All of the data should be given again word for word, though the images are to be left out.

▼▼▼

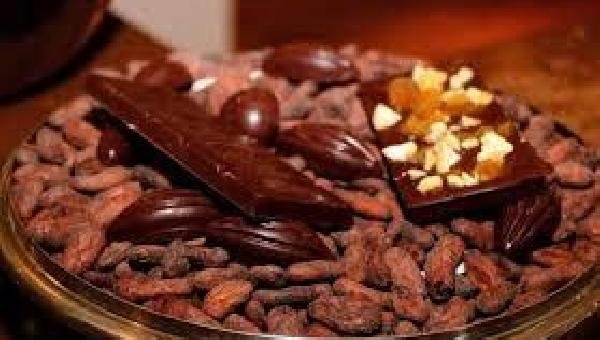 COMISSÃO DO SENADO APROVA PROJETO QUE OFICIALIZA ILHÉUS COMO CAPITAL NACIONAL DO CACAU E CHOCOLATE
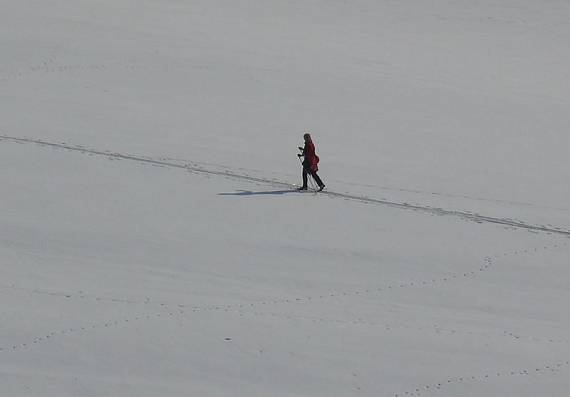 čekání na jaro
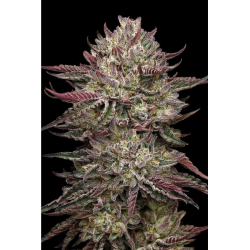 Chicken n’ Wafflez | Feminised, Indoor & Outdoor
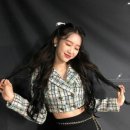 해링턴헤어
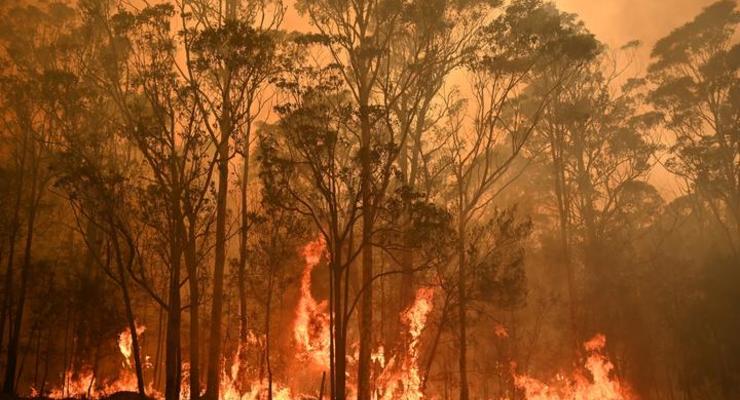 Украина предложила помощь Австралии в борьбе с лесными пожарами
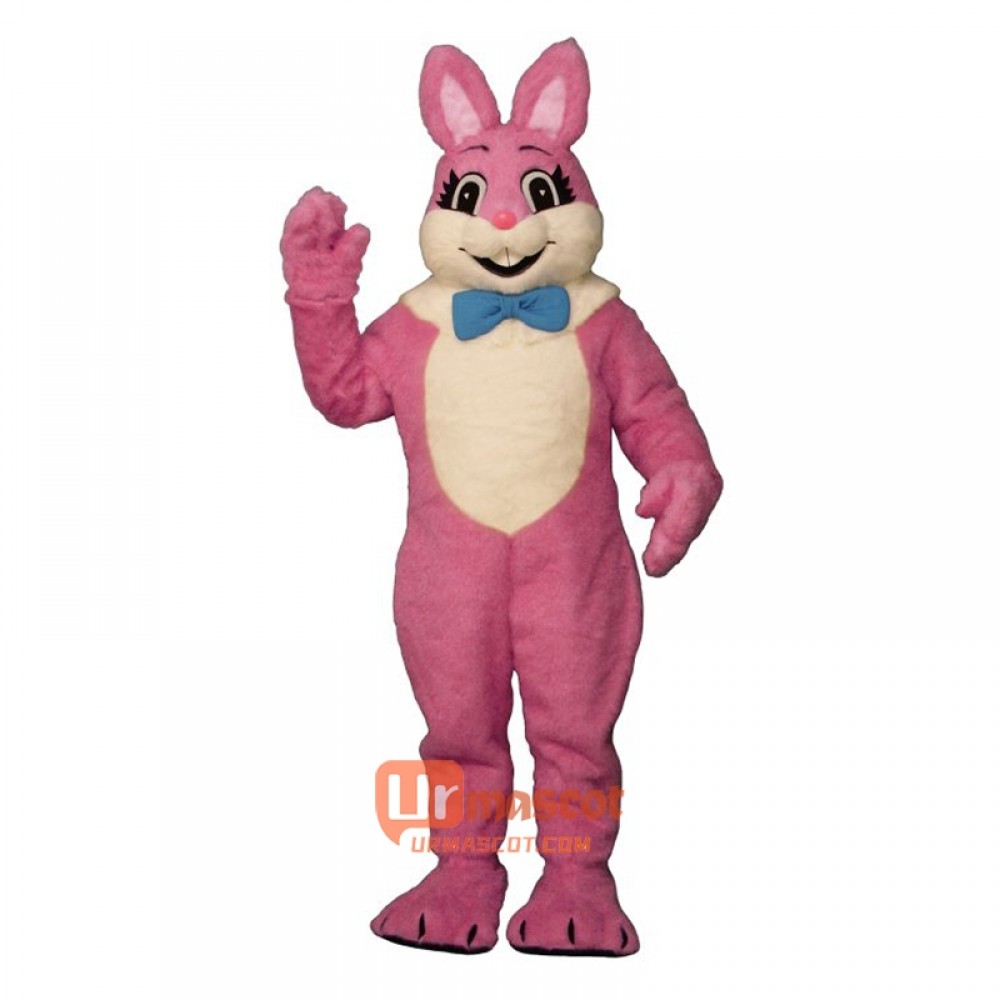 Raleigh Rabbit Cartoon Costume Mascot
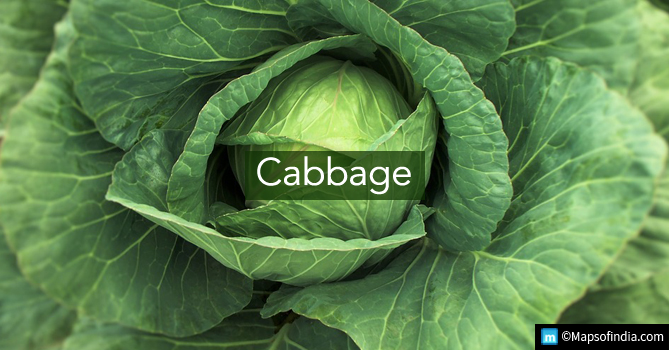 Cabbage - Green Vegetable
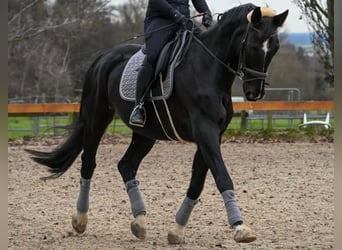 Hannoveraner, Wallach, 12 Jahre, 172 cm, Rappe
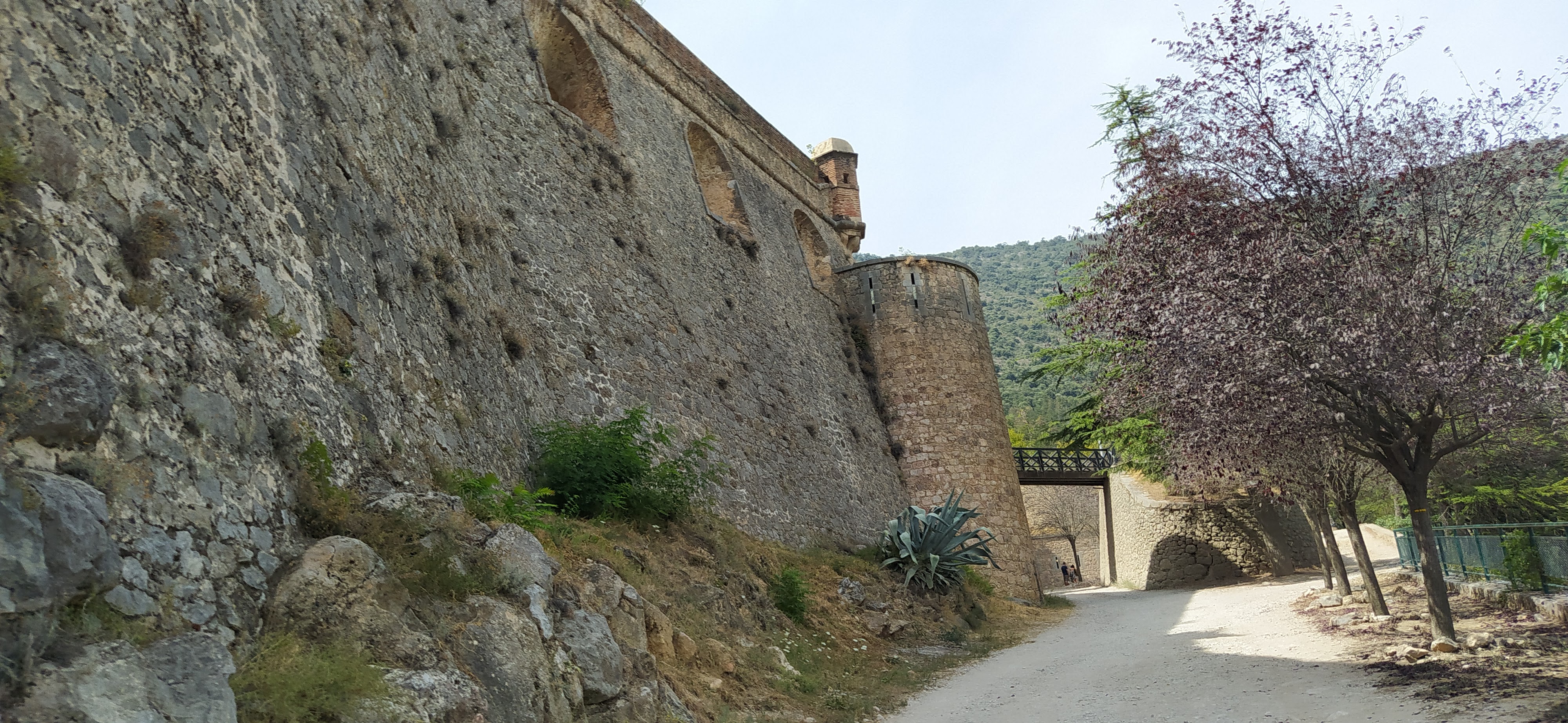 Photo n° 2 de l'avis de Brigitte.A fait le 19/08/2023 à 08:15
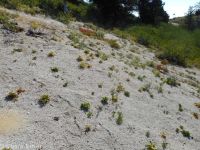 Shasta, alpine, or oarleaf buckwheat (<em>Eriogonum pyrolifolium</em>)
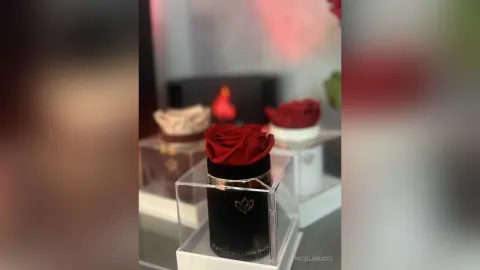 NicoleRocci — 🌹
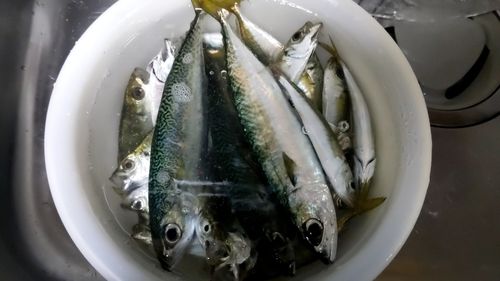 釣果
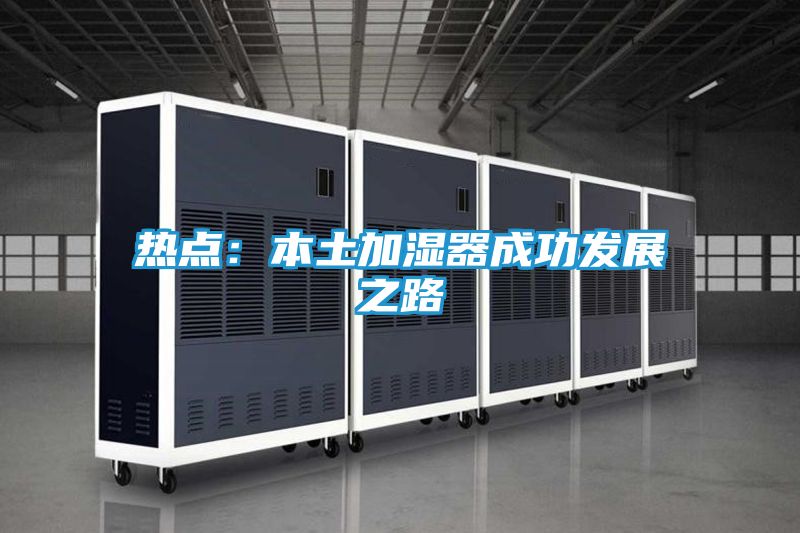 热点：本土加湿器成功发展之路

▲▲▲

◆ Your solution
 COMISSÃO DO SENADO APROVA PROJETO QUE OFICIALIZA ILHÉUS COMO CAPITAL NACIONAL DO CACAU E CHOCOLATE
 čekání na jaro
 Chicken n’ Wafflez | Feminised, Indoor & Outdoor
 해링턴헤어
 Украина предложила помощь Австралии в борьбе с лесными пожарами
 Raleigh Rabbit Cartoon Costume Mascot
 Cabbage - Green Vegetable
 Hannoveraner, Wallach, 12 Jahre, 172 cm, Rappe
 Photo n° 2 de l'avis de Brigitte.A fait le 19/08/2023 à 08:15
 Shasta, alpine, or oarleaf buckwheat (<em>Eriogonum pyrolifolium</em>)
 NicoleRocci — 🌹
 釣果
 热点：本土加湿器成功发展之路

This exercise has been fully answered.